It’s 2010, and Gemma Arterton is describing to Empire Magazine having spent an entire day shooting kidnap thriller The Disappearance of Alice Creed in tears. “Your body’s not supposed to cry that much. It is exhausting.” Martin Compston, her co-star in the crying scene, agrees in earnest and the interviewer jokes off-camera, “So what you’re saying is: feel-good hit of the summer?”
Compston laughs, “Yeah, Disney Channel!” and Arterton repeats the gag, shaking her head at its ridiculousness “Disney Channel!”
13 years, a brand shift and a streaming revolution later, and Disney is now the UK home of The Disappearance of Alice Creed. Disney+ is also the UK home of writer-director J Blakeson’s latest collaboration with Arterton: TV thriller Culprits, which is out on Hulu in the US.
That eight-part series is the story of consequences catching up with the diverse crew who pulled off a mega-money heist years earlier. Surrounded by a strong cast including Misfits’ Nathan Stewart-Jarrett, Peaky Blinders’ Ned Dennehy, and Raised by Wolves’ Niamh Algar, Arterton is excellent as the high-end crime boss who plans the raid. In her first collaboration with Blakeson on his debut feature, she similarly impressed but in the role of the unsuspecting mark.
Low-Budget, High Suspense Thriller
2009’s The Disappearance of Alice Creed is a low-budget British film that shrugs off all the labels that description might conjure up. It’s not kitchen sink realism themed around bleak social issues in an impoverished town that’s-almost-a-character-in-itself, nor is it a heart-warming tale of a community pulling together against the odds in an impoverished town that’s-almost-a-character-in-itself. We never even find out where it’s set, because that’s irrelevant to this pared-back, highly cinematic suspense thriller. Almost all of the action plays out in two rooms of a single flat, where a couple of crooks are carrying out a meticulously planned kidnap.
That’s not a spoiler, because the film speeds right past all the usual set-up of who the characters are and where they’re from, and skips right to it. With no opening titles or exposition, the dialogue-free opening shows two anonymous men strolling calmly around a DIY shop, ticking off a shopping list and steadily decking out a room and a van – taking mundane sandwich breaks as they go. This is a well thought-out operation by what could be ordinary people and not slavering monsters, which makes it all the more unsettling.
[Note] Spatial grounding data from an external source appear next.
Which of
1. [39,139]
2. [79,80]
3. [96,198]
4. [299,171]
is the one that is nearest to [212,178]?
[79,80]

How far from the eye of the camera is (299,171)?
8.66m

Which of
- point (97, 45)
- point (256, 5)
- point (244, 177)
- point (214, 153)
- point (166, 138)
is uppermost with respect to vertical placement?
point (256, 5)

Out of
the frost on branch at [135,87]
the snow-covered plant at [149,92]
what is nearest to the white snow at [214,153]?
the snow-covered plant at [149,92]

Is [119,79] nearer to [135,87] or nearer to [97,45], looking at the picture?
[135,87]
The disquiet continues as their victim, played by Gemma Arterton, is brought in and locked up. The uneasy threat of violence is punctuated by mysteries: who are these people and what led them to this? In just over an hour and a half, the film sparingly delivers answers while keeping the plot turning on its axis and keeping viewers guessing. It’s lean, visual, tense and in absolute control of its story.
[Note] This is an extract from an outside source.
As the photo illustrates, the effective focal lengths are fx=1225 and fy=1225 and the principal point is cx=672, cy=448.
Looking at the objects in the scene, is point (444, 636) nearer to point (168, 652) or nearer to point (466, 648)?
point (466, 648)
That story is told extremely well by the film’s three actors: Eddie Marsan, Martin Compston and Gemma Arterton. In 2009, 41-year-old Marsan was fresh from multiple award wins and nominations for the role of dyspeptic driving instructor Scott in Mike Leigh’s Happy-Go-Lucky, after receiving similar accolades for Leigh’s 2004 film Vera Drake. 25-year-old Martin Compston had built a healthy screen career after his acclaimed debut role as a teenager in Ken Loach’s 2002 feature Sweet Sixteen. And 23-year-old Gemma Arterton had just come from roles in two big Hollywood action-adventure movies Clash of the Titans and Prince of Persia: The Sands of Time, after playing Strawberry Fields opposite Daniel Craig in 2008’s Quantum of Solace.
Arterton’s Acting Reset
For RADA-trained Arterton, The Disappearance of Alice Creed was an acting reset. With an intense four-week shoot on the Isle of Man, a budget roughly one hundredth of that of her previous film, and a psychologically and physically demanding role, it was full on but satisfying work. This lean thriller by a first-time feature director was a world away from the excesses of The Prince of Persia, which was exactly the point. “You’re not just prancing around hitting your mark,” Arterton told Empire about Alice Creed, “you’re actually doing work”.
The work those three actors put in to the film paid off. They sold the realism of its hyper-real situation and cinematic style, and with Blakeson, created characters who were captivating to watch and in a well-trod genre, capable of surprise. Marsan brought both terror and humanity, Compston believably brought the audience with him at every turn, and Arterton completed the triangle with skill and unnerving commitment.
Watch Culprits then, get lost in its twisting story of cash, crime and lies, and enjoy Arterton’s totally different but similarly charismatic performance. Then go back for The Disappearance of Alice Creed and see where this fruitful collaboration first began.
Culprits is out now on Disney+ in the UK and Hulu in the US.